Wednesday, January 21, 2015

Meeting Him Where He Is

Over Thanksgiving, I hit a real rough patch with my little guy.  He fought every nap - hard, with kicks and screaming and crying. When he got angry or feisty, he bit me. It didn't help that, at around four months pregnant with #2, I was also nauseous and exhausted.  Neither of us was doing very well.

We had some moments. I yelled. I slammed doors. He cried.  I even got an"I don't like you" thrown my way. I refrained from saying it back and was restrained enough to say, "I love you, but I don't like the way you're acting."

Still...neither of us was enjoying this experience.

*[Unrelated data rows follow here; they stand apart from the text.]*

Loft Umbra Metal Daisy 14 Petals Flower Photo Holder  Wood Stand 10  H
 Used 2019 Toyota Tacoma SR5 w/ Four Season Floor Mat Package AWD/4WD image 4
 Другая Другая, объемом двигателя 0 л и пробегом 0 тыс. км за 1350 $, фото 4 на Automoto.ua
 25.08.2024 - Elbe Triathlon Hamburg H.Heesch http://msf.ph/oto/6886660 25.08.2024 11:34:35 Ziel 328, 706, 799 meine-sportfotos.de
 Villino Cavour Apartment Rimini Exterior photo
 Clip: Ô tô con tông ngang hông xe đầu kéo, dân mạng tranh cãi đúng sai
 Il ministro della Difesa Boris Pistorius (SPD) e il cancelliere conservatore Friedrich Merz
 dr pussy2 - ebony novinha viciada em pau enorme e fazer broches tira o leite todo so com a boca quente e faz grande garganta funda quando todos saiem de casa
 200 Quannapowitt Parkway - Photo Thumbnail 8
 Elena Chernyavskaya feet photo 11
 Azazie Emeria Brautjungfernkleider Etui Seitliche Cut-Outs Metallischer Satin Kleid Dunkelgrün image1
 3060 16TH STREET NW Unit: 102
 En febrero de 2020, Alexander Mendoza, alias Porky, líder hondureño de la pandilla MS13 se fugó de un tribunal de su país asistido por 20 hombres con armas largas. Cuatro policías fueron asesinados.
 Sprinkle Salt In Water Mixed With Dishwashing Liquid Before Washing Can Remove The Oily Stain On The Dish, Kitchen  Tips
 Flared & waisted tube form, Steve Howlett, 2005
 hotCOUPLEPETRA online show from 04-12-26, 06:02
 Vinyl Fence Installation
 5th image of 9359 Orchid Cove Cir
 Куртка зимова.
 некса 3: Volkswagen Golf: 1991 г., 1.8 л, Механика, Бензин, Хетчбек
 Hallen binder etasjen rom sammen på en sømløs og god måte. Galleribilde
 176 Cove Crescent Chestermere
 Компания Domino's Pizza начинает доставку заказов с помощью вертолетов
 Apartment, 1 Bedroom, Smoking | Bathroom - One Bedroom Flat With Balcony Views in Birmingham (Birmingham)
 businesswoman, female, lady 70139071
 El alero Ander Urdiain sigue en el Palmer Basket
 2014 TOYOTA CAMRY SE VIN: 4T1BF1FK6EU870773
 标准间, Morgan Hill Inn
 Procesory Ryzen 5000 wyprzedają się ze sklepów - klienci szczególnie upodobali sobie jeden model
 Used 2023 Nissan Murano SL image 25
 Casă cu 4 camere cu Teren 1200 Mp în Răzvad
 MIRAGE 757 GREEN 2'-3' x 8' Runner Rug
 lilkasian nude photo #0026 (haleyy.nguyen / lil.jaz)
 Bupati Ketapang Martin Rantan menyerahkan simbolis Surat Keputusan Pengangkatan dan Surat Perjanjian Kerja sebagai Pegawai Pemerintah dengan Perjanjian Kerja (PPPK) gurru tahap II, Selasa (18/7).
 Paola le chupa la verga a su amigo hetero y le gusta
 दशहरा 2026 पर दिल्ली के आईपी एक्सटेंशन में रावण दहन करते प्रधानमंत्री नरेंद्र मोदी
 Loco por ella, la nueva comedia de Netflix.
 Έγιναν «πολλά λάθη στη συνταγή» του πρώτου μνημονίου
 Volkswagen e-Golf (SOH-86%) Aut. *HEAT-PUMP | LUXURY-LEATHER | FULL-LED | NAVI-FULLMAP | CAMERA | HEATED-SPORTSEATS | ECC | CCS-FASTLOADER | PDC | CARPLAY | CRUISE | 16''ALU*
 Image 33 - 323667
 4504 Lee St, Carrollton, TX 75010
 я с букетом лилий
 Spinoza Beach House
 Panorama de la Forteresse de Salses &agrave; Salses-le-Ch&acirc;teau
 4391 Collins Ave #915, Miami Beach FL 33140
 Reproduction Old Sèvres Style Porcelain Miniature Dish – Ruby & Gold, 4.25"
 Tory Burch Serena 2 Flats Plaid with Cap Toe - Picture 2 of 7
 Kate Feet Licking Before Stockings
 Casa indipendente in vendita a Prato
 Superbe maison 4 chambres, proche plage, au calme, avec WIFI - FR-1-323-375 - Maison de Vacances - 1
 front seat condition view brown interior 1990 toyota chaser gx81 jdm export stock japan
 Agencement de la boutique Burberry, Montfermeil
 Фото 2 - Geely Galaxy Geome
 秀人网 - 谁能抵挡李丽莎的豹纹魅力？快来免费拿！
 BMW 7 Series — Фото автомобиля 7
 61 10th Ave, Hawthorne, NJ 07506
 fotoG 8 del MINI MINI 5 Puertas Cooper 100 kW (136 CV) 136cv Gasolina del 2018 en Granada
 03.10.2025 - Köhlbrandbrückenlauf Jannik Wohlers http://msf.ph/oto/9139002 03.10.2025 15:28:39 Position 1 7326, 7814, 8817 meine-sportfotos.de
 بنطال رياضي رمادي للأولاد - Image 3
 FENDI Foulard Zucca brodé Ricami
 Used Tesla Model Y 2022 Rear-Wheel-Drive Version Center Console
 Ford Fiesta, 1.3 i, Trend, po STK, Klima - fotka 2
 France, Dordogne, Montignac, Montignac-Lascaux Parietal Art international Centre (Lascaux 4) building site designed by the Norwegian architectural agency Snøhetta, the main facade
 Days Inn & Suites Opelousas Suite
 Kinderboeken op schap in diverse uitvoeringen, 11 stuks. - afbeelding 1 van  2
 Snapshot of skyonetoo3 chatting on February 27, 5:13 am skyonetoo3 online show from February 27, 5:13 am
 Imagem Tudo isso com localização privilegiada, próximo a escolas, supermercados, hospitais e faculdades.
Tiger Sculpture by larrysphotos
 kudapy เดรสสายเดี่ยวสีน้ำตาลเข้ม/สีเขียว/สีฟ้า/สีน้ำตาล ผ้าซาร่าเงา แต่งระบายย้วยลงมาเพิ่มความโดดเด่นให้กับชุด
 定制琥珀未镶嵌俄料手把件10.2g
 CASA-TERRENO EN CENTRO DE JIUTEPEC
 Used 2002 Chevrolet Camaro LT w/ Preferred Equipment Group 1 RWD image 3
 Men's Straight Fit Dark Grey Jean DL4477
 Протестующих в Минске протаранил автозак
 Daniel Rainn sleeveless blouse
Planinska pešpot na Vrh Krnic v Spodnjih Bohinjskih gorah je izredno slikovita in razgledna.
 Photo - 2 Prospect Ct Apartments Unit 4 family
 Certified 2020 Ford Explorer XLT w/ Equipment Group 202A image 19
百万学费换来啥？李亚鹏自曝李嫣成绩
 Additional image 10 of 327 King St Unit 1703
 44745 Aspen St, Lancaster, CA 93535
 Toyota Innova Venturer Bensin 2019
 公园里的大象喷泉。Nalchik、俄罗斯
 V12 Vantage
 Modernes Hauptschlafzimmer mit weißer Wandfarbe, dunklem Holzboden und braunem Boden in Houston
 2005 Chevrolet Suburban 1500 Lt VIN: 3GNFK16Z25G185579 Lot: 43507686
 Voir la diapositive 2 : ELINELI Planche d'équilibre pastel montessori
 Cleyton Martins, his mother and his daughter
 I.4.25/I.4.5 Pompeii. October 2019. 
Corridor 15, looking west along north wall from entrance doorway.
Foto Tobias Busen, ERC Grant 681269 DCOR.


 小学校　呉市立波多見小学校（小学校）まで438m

And, seeing as how I am, apparently, the adult in this relationship, I needed to be the one to change.

Yelling wasn't working. A swat on the butt wasn't making the point.  So, I decided to stop it all and go back to what I did before I felt dwindled down to a state of pure exhaustion.

I met him where he was.

I started taking a breath and talking in a quiet voice. I knelt on the ground, looked him in the eyes, and asked him to tell me what he needed.

I immediately started to feel better.  In turn, since I felt less tense, his recovery from meltdowns went more smoothly. Did it go more quickly? Not necessarily, but once a "hot mess" moment passed, he could transition right back into his regular little way of doing things.

It's been almost two months since my return to myself, to breathing, to patience, and I still prefer it over other methods.

This morning, after I had to work late last night and missed bedtime, my son needed me.  Of course, I also needed to eat and get ready for the day.

"I don't want you to eat. I want you to come play wit me."

"Well, that's one thing you can't have right now. You can sit with me while I eat and you can eat, too."

"I don't want to."

This went on for a while. I finished my breakfast. He leaned on me, occasionally sniffling a complaint, but all the while, holding my arm against his chest.  Finally, this:

"I want some of your sandwich."

I shared. He ate. Then we went about our morning.

Yelling would have only made us both angry. I know that there are many, many, many (I could go on...) moments when it seems that yelling is the only answer, and I can't promise I'll never yell at my son again - I'm human, ever so human, after all - but I do know that not yelling simply feels better.

So, here I am, in my 30s, finally realizing what it means to be an adult.
  1. It means remembering that a toddler is a toddler and deserves my love, not my anger.
  2. It means that we don't always get what we want - I don't get everything done that I need to; the toddler doesn't always get yogurt.
  3. It means that it's my job to guide my son through a tantrum, not have one myself.
And, though it isn't easy, I must remember these things Every. Single. Day.